What to work on →
Among the lines below, output only those between the line holding "长江中游地区河道弯曲水流不畅主要的生态环境问题是" and the line holding "微信大半夜借钱2025年精选，整合五个必下的小额贷款平台", inclusive, exactly as written and with no pictures.

Exercise data →
>>>>

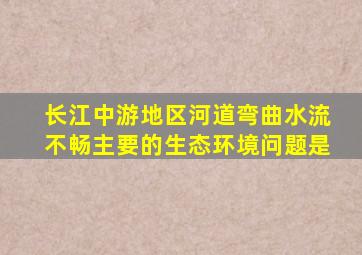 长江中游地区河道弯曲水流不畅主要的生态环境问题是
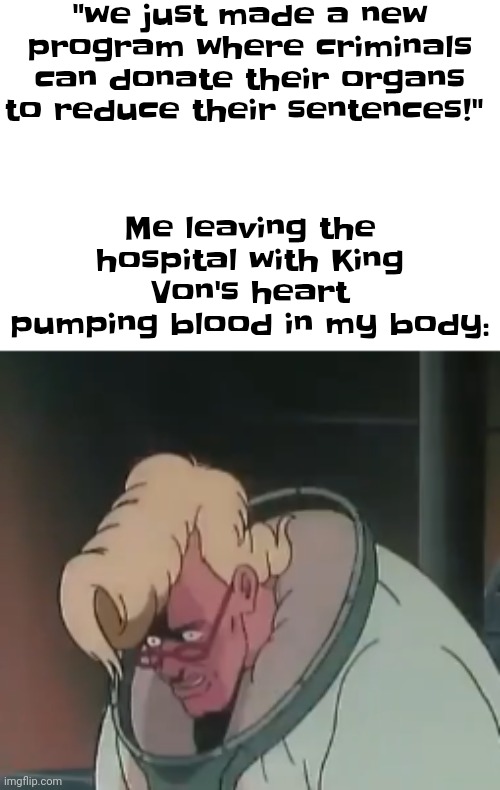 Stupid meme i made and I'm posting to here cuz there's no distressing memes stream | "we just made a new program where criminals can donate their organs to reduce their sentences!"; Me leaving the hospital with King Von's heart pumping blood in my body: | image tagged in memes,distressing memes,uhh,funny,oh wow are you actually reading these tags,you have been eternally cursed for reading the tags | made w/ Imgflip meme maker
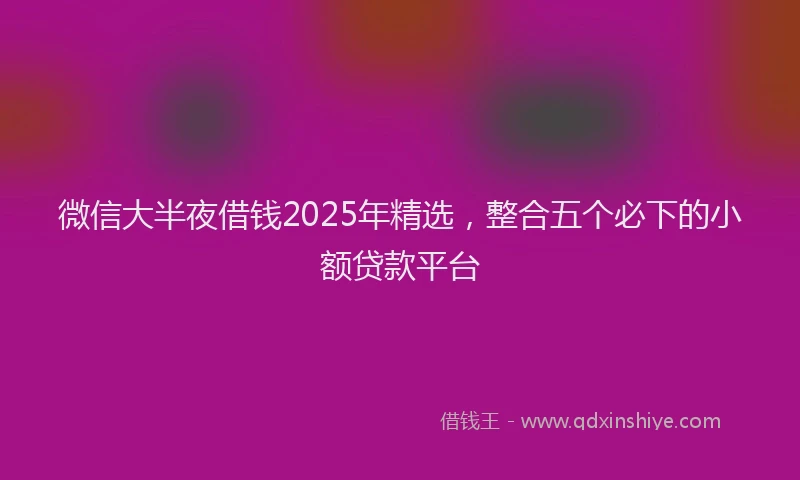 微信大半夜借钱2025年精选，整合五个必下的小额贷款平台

<<<<
>>>>

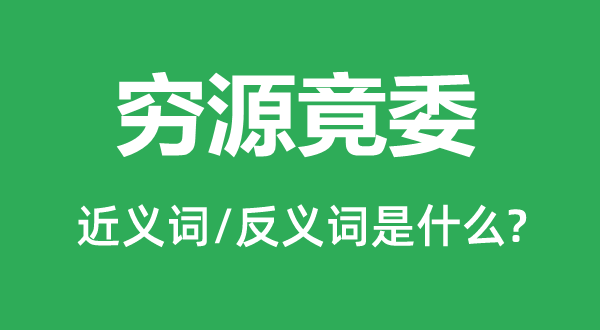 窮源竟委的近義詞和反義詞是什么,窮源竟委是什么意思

<<<<
>>>>

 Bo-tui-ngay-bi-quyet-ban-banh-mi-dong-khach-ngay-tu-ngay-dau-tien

<<<<

Response to this task →
 长江中游地区河道弯曲水流不畅主要的生态环境问题是
 Stupid meme i made and I'm posting to here cuz there's no distressing memes stream | "we just made a new program where criminals can donate their organs to reduce their sentences!"; Me leaving the hospital with King Von's heart pumping blood in my body: | image tagged in memes,distressing memes,uhh,funny,oh wow are you actually reading these tags,you have been eternally cursed for reading the tags | made w/ Imgflip meme maker
 微信大半夜借钱2025年精选，整合五个必下的小额贷款平台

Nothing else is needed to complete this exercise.